Exercise directions:
In the data below, the answer is the run of lines from the line containing "Napkrém Napbarnító Szép" through the line containing "Used 2025 Honda Odyssey EX-L image 15", both included; print it exactly and nothing else.

Exercise material:
[Start of section]

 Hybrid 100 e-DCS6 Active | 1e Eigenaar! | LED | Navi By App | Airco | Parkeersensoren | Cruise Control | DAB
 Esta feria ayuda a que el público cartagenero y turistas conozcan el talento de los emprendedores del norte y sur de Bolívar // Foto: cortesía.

[End of section]
[Start of section]

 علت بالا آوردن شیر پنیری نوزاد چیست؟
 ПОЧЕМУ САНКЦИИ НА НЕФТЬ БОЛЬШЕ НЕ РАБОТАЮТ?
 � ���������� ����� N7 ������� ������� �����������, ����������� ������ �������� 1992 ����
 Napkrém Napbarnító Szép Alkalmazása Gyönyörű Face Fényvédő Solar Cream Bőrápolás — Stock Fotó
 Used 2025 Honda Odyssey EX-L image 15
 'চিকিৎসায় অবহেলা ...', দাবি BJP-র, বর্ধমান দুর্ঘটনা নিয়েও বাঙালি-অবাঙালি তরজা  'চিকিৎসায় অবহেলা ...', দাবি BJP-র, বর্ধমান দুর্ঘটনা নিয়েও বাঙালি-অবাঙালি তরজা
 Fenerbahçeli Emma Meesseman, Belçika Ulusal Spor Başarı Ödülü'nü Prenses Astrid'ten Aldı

[End of section]
[Start of section]

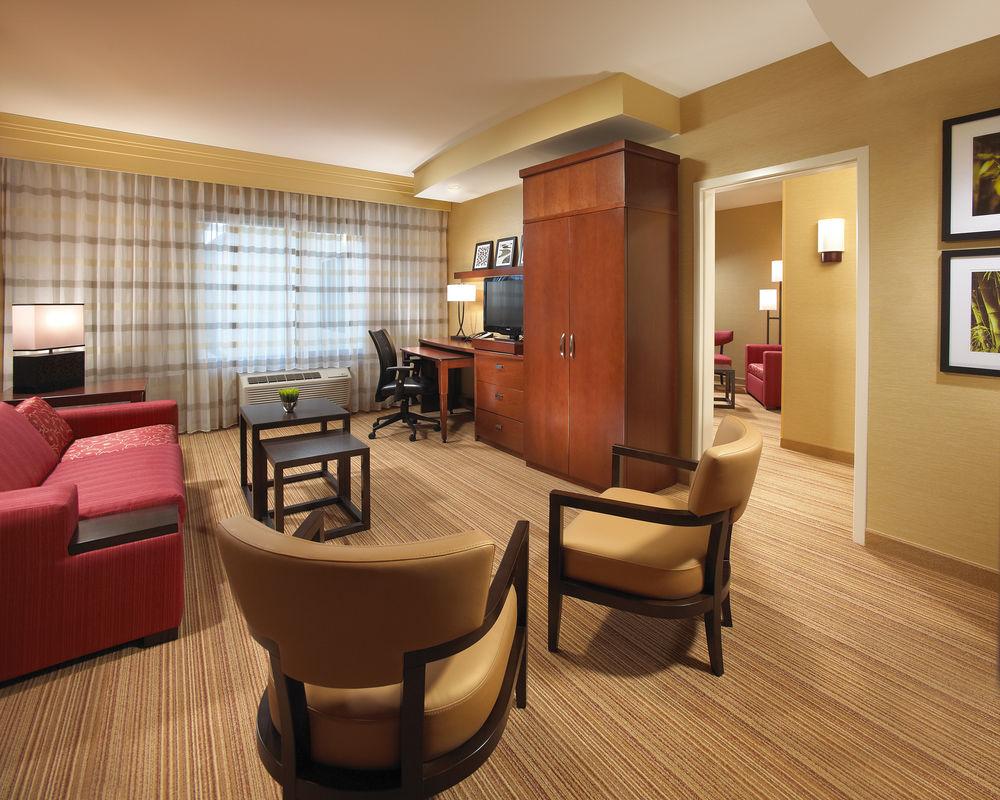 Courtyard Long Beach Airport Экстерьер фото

[End of section]

Output of the exercise:
 Napkrém Napbarnító Szép Alkalmazása Gyönyörű Face Fényvédő Solar Cream Bőrápolás — Stock Fotó
 Used 2025 Honda Odyssey EX-L image 15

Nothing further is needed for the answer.